ABSTRACT

Primary hyperparathyroidism is a common and easily diagnosed disease at present. However, its complicated presentation as a brown tumour is rare. Here, we present the case of a patient with knee pain and common asymmetrically located brown tumours. The parathyroid adenoma was radiologically detected, followed by successful minimally invasive parathyroidectomy. However, the brown tumours regressed after surgery. Primary hyperparathyroidism can still present with common bone involvements and can be clinically and radiologically improved with appropriate treatment.

Introduction

Primary hyperparathyroidism (PH) is one of the commonest endocrinological disorders in the whole world (1). It presents with hypercalcemia, hypo or normophosphatemia and high or mid-to-high parathyroid hormone level (2). Its target organs are kidney, bone and intestine, main signs and symptoms are artralgia, bone pain, urinal stones, bone fractures, cysts and/or brown tumors (3). Brown tumor, also called osteoclastoma, is a focal, benign lytic bone lesion of primary or secondary hyperparathyroidism. Today, PH can be diagnosed earlier and the incidence of this lesion has decreased (4). We present a case with brown tumors involving whole skeleton.

Case Report

A 39-year-old woman admitted to orthopedics with left knee pain. A hypoechoic lesion was detected on X-ray.
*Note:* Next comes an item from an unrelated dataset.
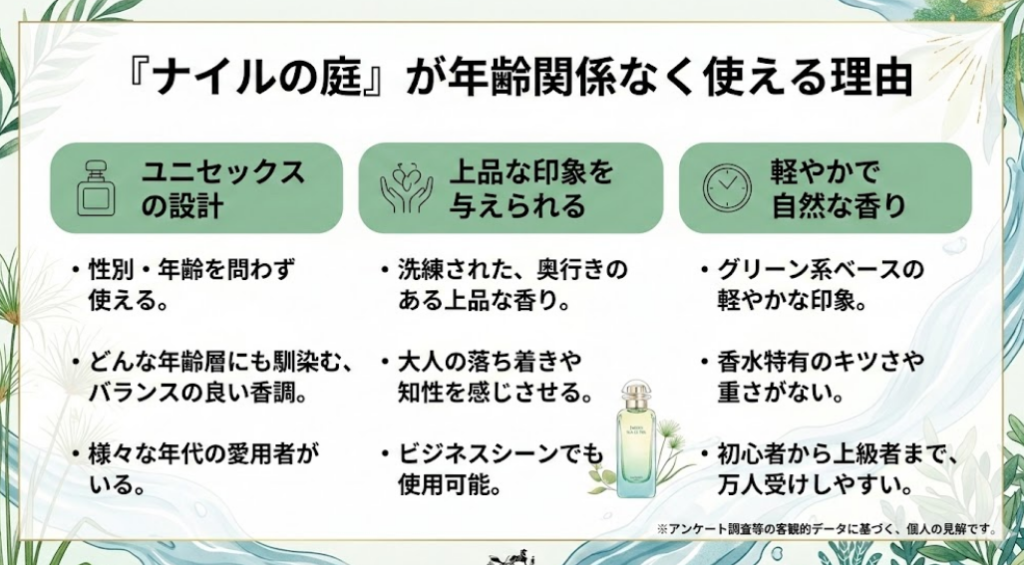 ナイルの庭が年齢関係なく使える理由
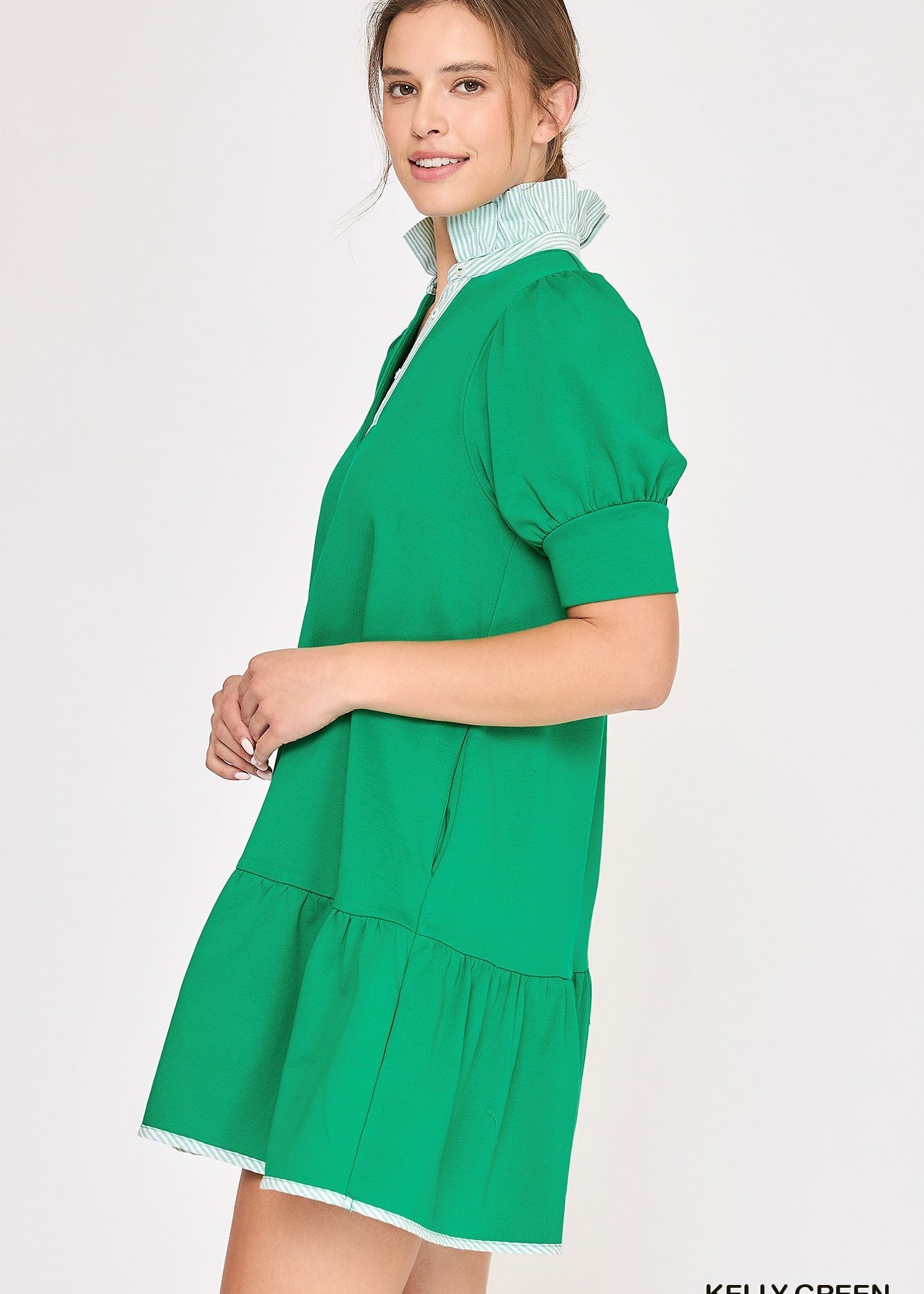 Kelly Green Short Knit Dress w/High Ruffle Neck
Laboratory evaluation revealed mild hypercalcemia with calcium of 11.6 mg/dL. A whole-body bone scintigraphy was taken on suspicion of cancer, multiple similar lesions with increased activity were determined on right and left knees, 4th thoracal spine, left iliac crest, right symphysis pubis and between left femur’s head and neck (Figure 1). An excisional biopsy was made and reported as brown tumor. After that she was directed to our endocrinology policlinic because of hypercalcemia and hyperparathyroidism. We detected that calcium: 13 mg/dL, phosphorus: 2.4 mg/dL, parathyroid hormone: 625 pg/mL, 25 hidroksi vitamin D: 8 ng/mL and we hospitalized her with the diagnosis of PH. We started intensive hydration with 0.9% NaCl and followed urine output, then gived intravenous furosemide infusion. In the one daily urine, calcium excretion was 461 mg/day. On the ultrasound, we detected a single, smooth edged, non-vascularized, hypoechoik lesion, size in 8x10x15 millimeters, under the right thyroid lobe and two thyroid nodules more than 15 millimeters. Parathyroid scintigraphy showed same lesion. Thyroid fine needle aspirations were resulted as benign thyroid nodule. We also researched multiple endocrine neoplasia (MEN) type 1 because of young age of the patient and we did not detect any other components of this syndrome. We also excluded other reasons for hypercalcemia like malignancy. Although we used hydration and loop diuretic threapy, serum calcium did not fall enough, so we had to use calcitonin and succeeded that calcium falled under 11 mg/dL. We applied vitamin D to protect from hungry bone syndrome (HBS) and transfered the patient to general surgery for operation. Minimally invasive parathyroid adenomectomy was performed successfully and calcium and parathyroid hormone levels decreased quickly. The pathology was resulted as parathyroid adenoma. By the way, vitamin D had been replaced preoperativelly, nevertheless the patient developed HBS and she was given medication. After 6 months, the bone scintigraphy was repeated and reported that the previous lesions were regressed (Figure 2). Informed consent was obtained from the patient.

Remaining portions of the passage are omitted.